● **Data section**:
────

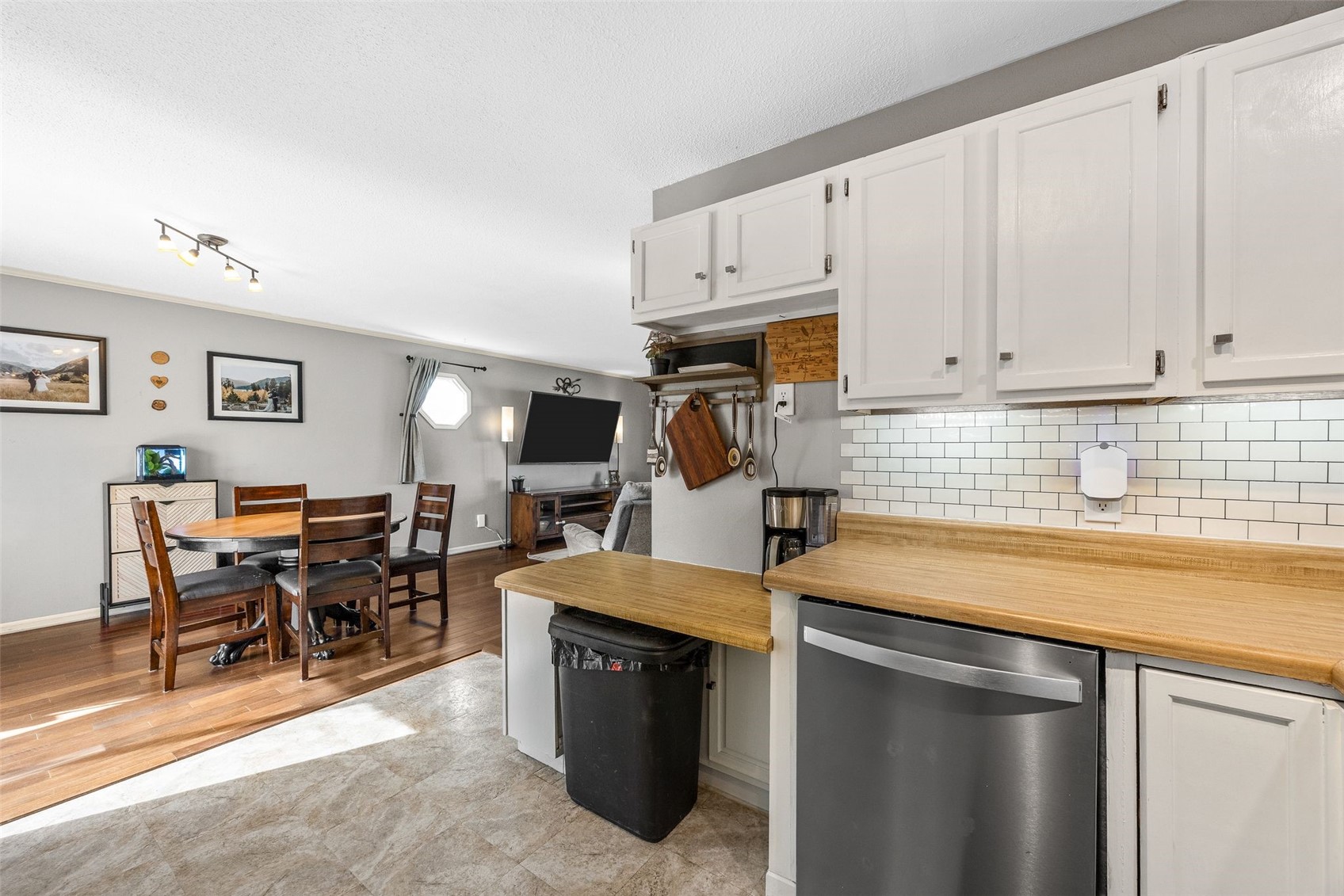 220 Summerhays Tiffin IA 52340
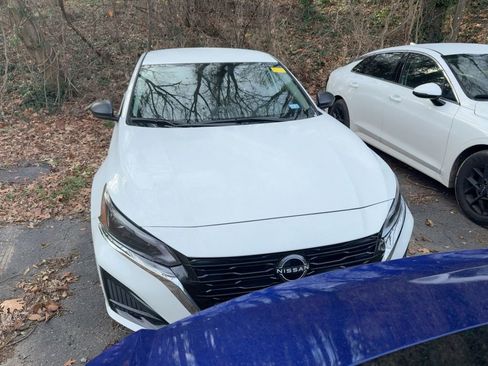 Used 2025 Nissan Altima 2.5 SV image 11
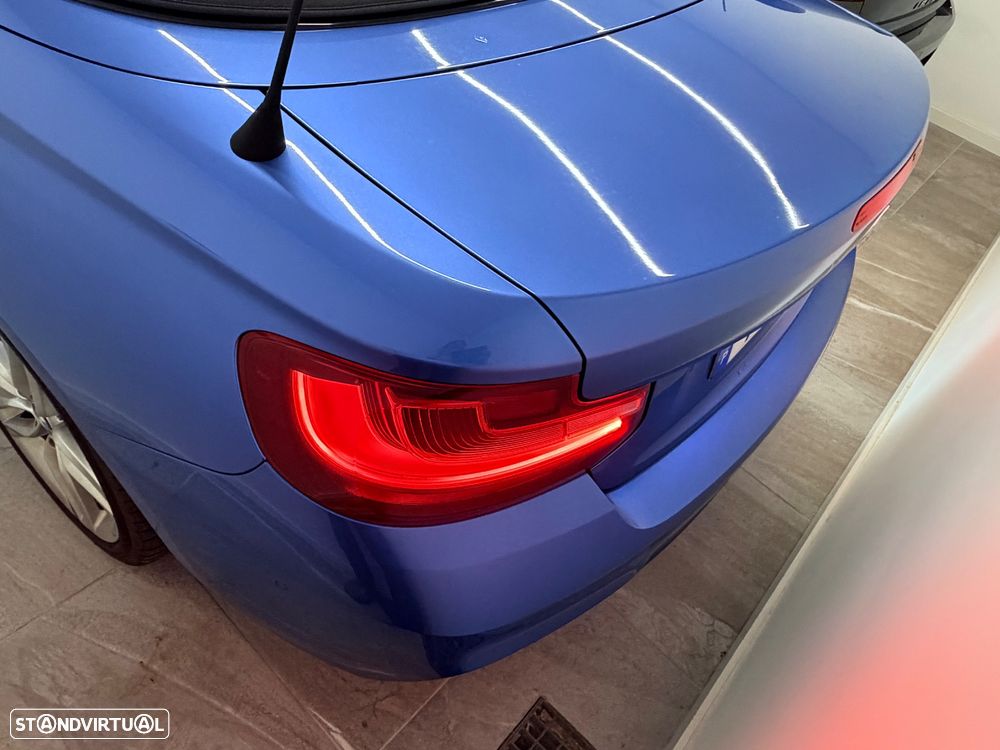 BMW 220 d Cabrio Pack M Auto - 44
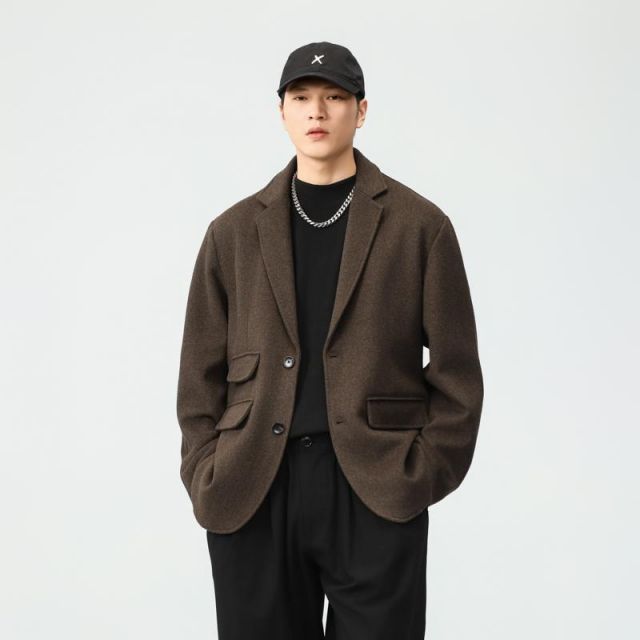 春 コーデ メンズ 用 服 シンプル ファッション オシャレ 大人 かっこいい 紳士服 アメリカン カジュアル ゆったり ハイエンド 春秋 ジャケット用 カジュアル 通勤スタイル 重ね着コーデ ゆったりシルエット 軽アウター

────

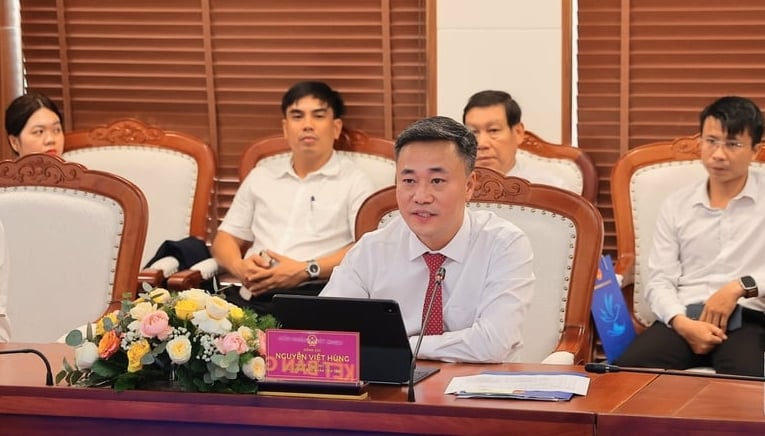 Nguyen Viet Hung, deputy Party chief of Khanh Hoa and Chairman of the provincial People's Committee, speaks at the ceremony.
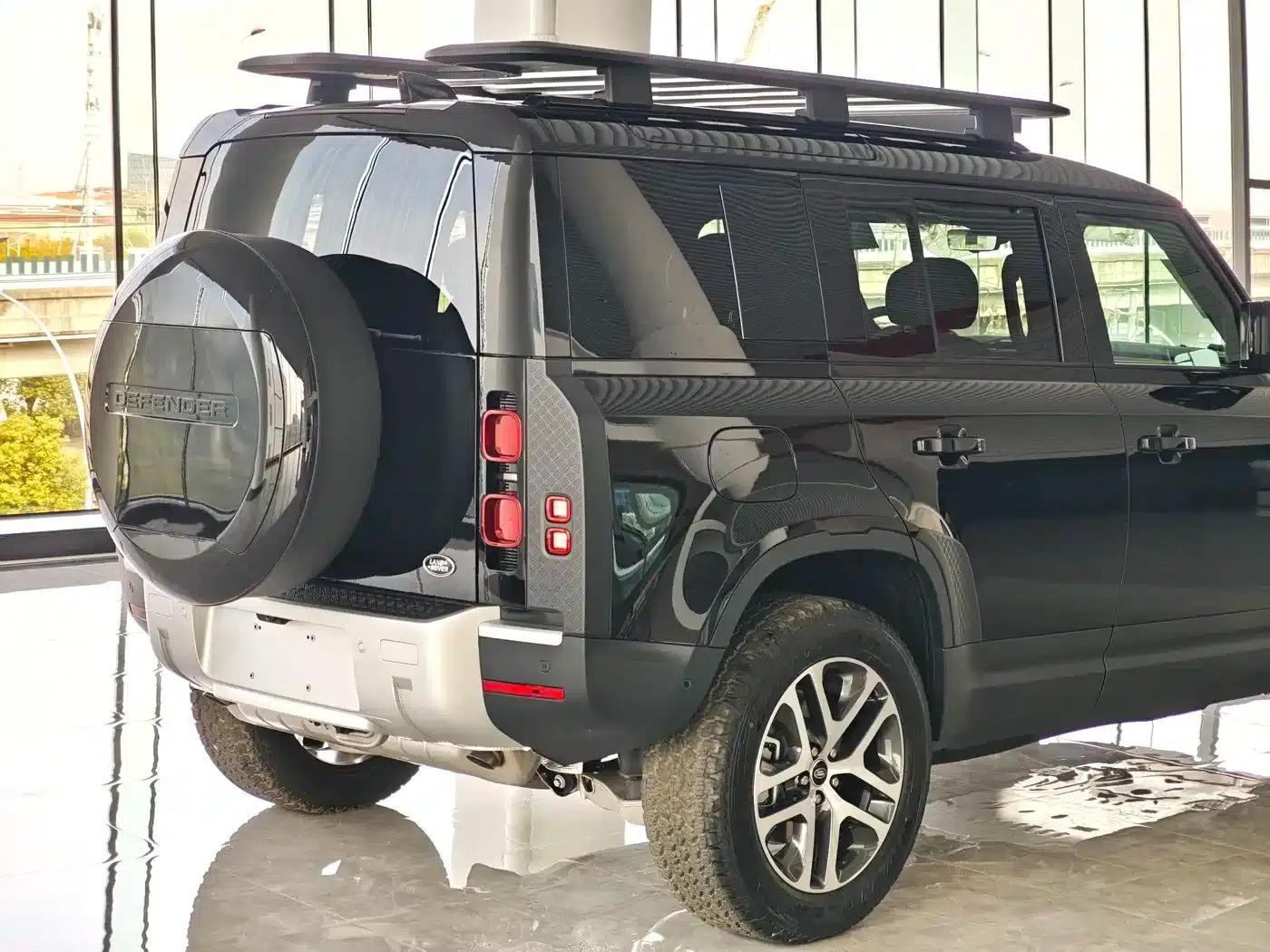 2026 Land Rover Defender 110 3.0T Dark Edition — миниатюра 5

────

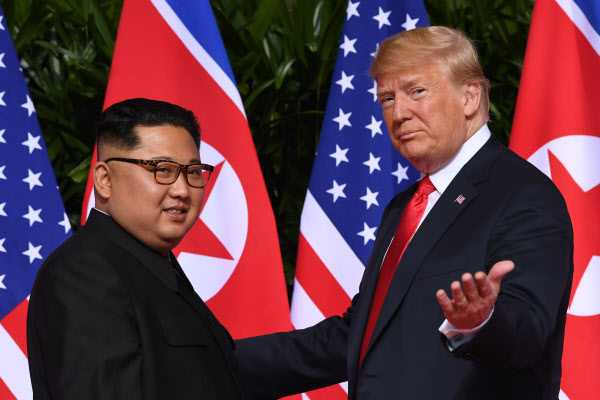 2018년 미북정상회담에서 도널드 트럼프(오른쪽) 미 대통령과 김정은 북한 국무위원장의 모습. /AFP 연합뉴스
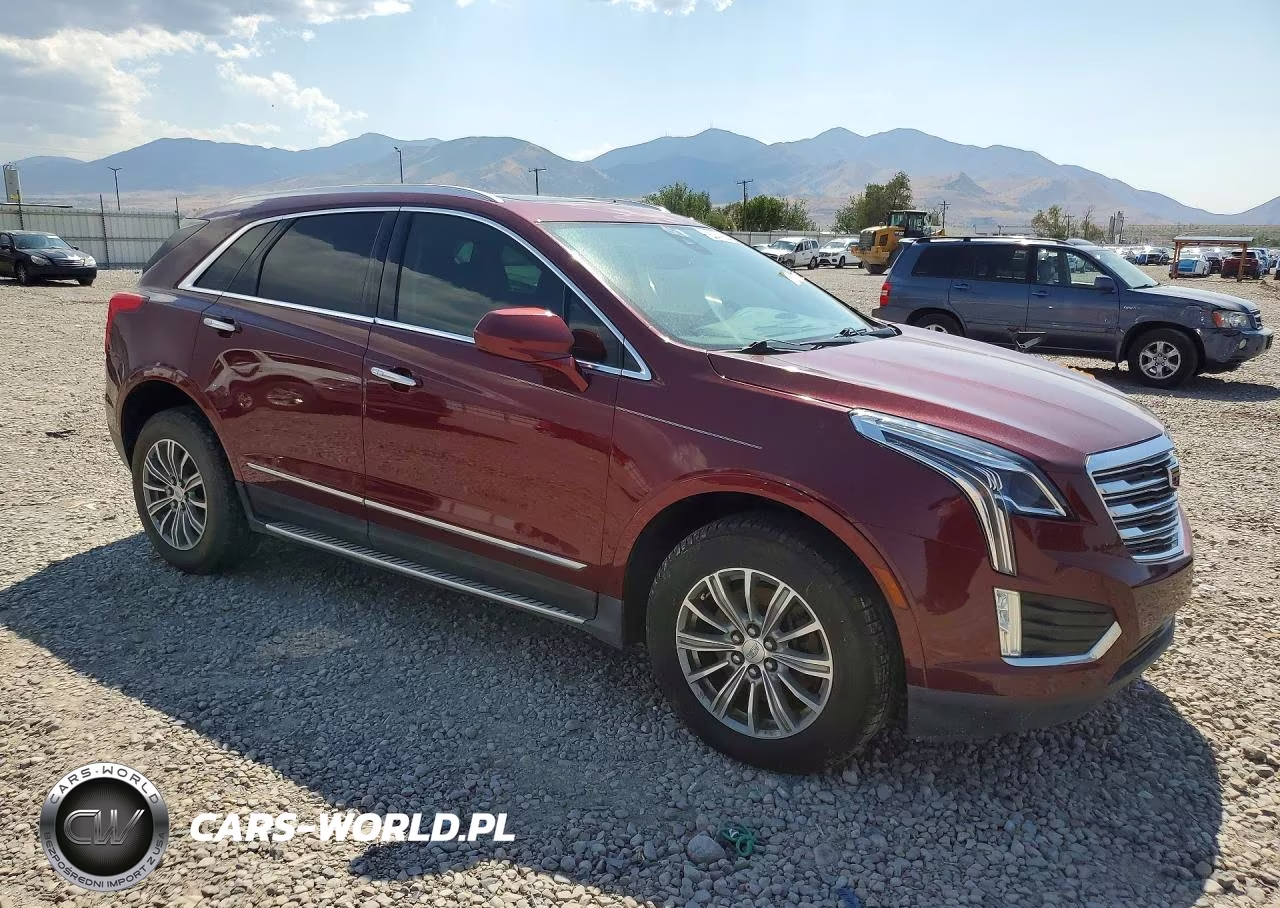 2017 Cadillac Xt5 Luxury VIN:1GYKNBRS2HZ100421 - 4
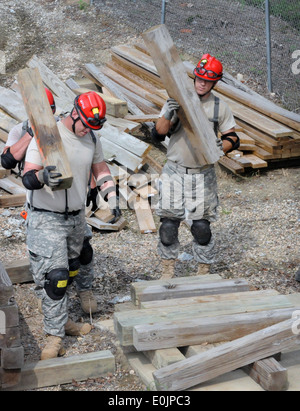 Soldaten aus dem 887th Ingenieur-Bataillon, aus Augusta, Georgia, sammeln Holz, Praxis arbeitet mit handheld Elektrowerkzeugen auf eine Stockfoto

────

● **Problem description**:
Starting from the line with "Used 2025 Nissan Altima 2.5 SV image 11" in the records above, repeat each line exactly until you have written the line with "春 コーデ メンズ 用", then stop; drop the pictures.

● **Result below**:
 Used 2025 Nissan Altima 2.5 SV image 11
 BMW 220 d Cabrio Pack M Auto - 44
 春 コーデ メンズ 用 服 シンプル ファッション オシャレ 大人 かっこいい 紳士服 アメリカン カジュアル ゆったり ハイエンド 春秋 ジャケット用 カジュアル 通勤スタイル 重ね着コーデ ゆったりシルエット 軽アウター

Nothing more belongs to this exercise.